Second, sharing NPTs across employees results in a positive organizational culture. Theresa, an aeronautical engineer, managed a mentorship program for women in her division. The time she spent took away from her engineering and management role. Consequently, she was passed over for a big promotion. She quickly found a job elsewhere, and the other women were furious. What was the point of handling mentoring programs or DEI initiatives if they won’t get you anywhere? They stopped doing all these activities, which eroded morale. Keeping employee success aligned with that of the organization will create a workforce that’s engaged and satisfied with their work. As a company, this will mean better productivity, greater job satisfaction, and reduced turnover.

Third, an engaged workplace makes it easier to attract and retain employees. Being known as “a good place for women to work” makes it easier to achieve DEI objectives and attract top talent. Theresa’s company lost sight of the fact that happy employees don’t need greener pastures.

“Being known as ‘a good place for women to work’ makes it easier to achieve DEI objectives and attract top talent.”

5. Fix organizations, not women.

We got really good at saying no, and were proud of ourselves until we had a horrifying revelation: every time we said no, the task went to another woman. We wanted all women to have equal opportunities to succeed, but if saying no isn’t the answer, then what is? We needed a bigger solution that included everyone, from individual women, to managers, to top leadership—because each of us have a role to play in addressing women’s burden of NPTs.
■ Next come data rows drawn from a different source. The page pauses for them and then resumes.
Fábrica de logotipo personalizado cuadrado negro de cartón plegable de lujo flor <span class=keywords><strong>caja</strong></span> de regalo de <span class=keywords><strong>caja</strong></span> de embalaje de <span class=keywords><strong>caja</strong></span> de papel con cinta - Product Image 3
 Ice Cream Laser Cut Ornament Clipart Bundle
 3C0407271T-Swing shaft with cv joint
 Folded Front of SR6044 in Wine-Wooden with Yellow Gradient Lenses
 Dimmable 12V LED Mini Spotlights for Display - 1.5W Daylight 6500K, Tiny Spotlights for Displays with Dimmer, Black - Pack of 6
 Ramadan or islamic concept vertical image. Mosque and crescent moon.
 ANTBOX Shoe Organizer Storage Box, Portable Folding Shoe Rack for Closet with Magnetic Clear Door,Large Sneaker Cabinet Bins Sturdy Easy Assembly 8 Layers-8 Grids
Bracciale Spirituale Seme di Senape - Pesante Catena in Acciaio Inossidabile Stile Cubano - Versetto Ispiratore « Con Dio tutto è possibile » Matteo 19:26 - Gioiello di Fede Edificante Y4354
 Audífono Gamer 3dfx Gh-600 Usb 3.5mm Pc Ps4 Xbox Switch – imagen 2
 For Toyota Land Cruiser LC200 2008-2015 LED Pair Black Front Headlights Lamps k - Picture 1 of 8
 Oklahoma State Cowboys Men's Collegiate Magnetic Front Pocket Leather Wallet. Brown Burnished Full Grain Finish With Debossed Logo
You, personally, can nudge your organization to change. When someone asks for a volunteer, suggest that the assignment be put on rotation. When Brenda was asked to take notes in a meeting, she said, “Sure, I’ll do it today, but who will do it next week?” When Lisa’s college needed a volunteer to write up a promotion committee report, she suggested that they draw names out of a hat. The suggestion was so obviously fair that the solution stuck. Speak up on behalf of yourself or someone else. The more voices joining in the better, because soon everyone will be aware of NPTs and that, in itself, can start changing the landscape.

As a manager, you have more opportunity to balance the distribution of NPTs across all employees. You will need an accurate accounting of what each employee does (both promotable and non-promotable tasks) and how much time they spend on them. Track their tasks over time, mentor them so they know what is promotable and what isn’t, and redistribute work so that everyone has a fair share. When Laura managed committee assignments for her school, she rotated people on and off assignments to balance the loads for both women and men.

Organizational leaders can have the greatest impact because they can redesign jobs so that tasks become promotable. Take a close look at NPTs, identify the ones that affect your organization’s success, and include them in performance evaluations of the people that do them. Consider DEI initiatives, team-building events, and employee development workshops. Right now, these are probably non-promotable tasks, but they matter enough to be promotable. We encourage leadership to take a long view of these tasks and see how they matter to productivity, morale, and employee retention.

Fortunately, these are inexpensive solutions that are easy to implement.